Give back the listing in full and exactly, leaving out the images.

### DATA EXCERPT:
========
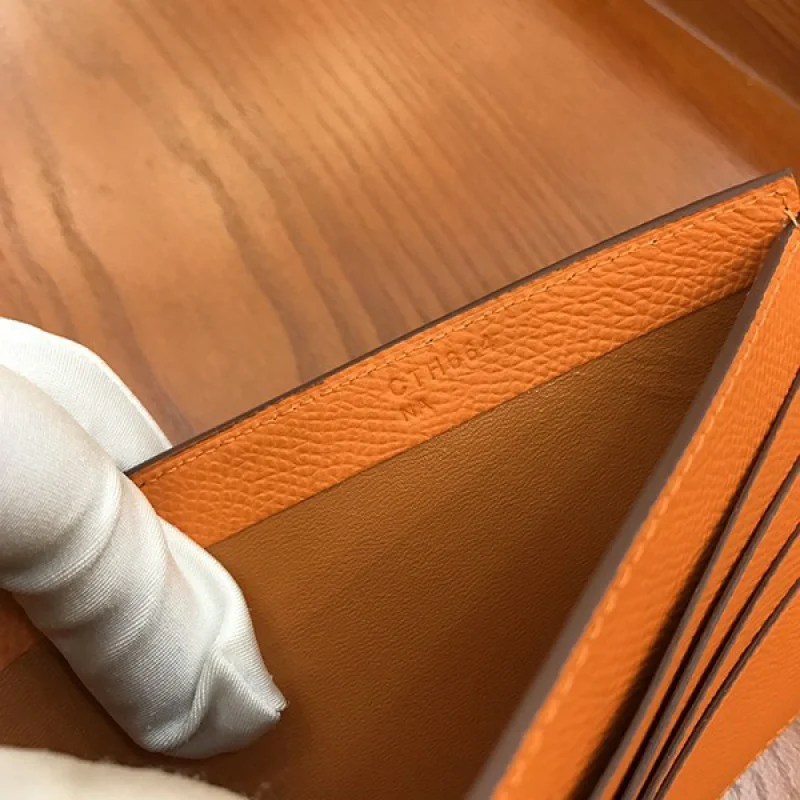 エルメススーパーコピー シチズン ツイルコンパクトhe19086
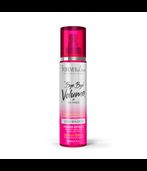 Forever Liss Bye Bye Volume e Frizz Liso Mágico 200ml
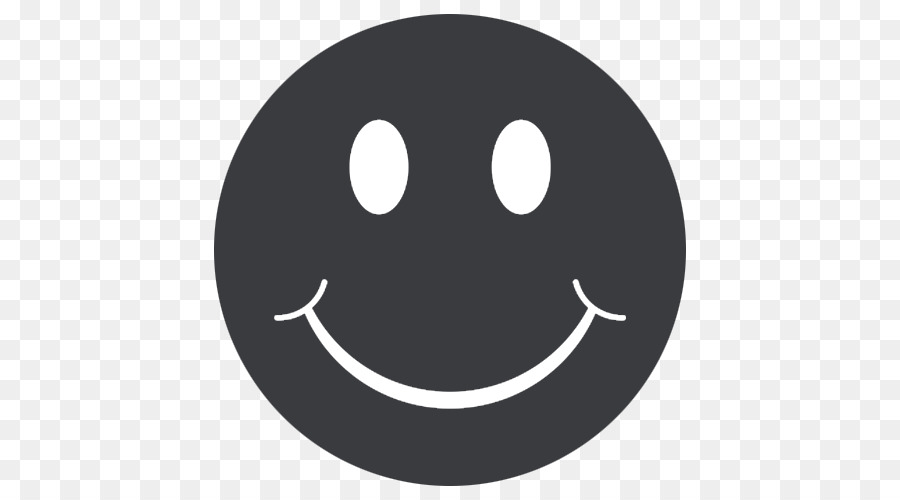 Smiley Aufkleber Computer-Icons-Aufkleber Gesicht - Smiley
========
### EXPECTED ANSWER:
 エルメススーパーコピー シチズン ツイルコンパクトhe19086
 Forever Liss Bye Bye Volume e Frizz Liso Mágico 200ml
 Smiley Aufkleber Computer-Icons-Aufkleber Gesicht - Smiley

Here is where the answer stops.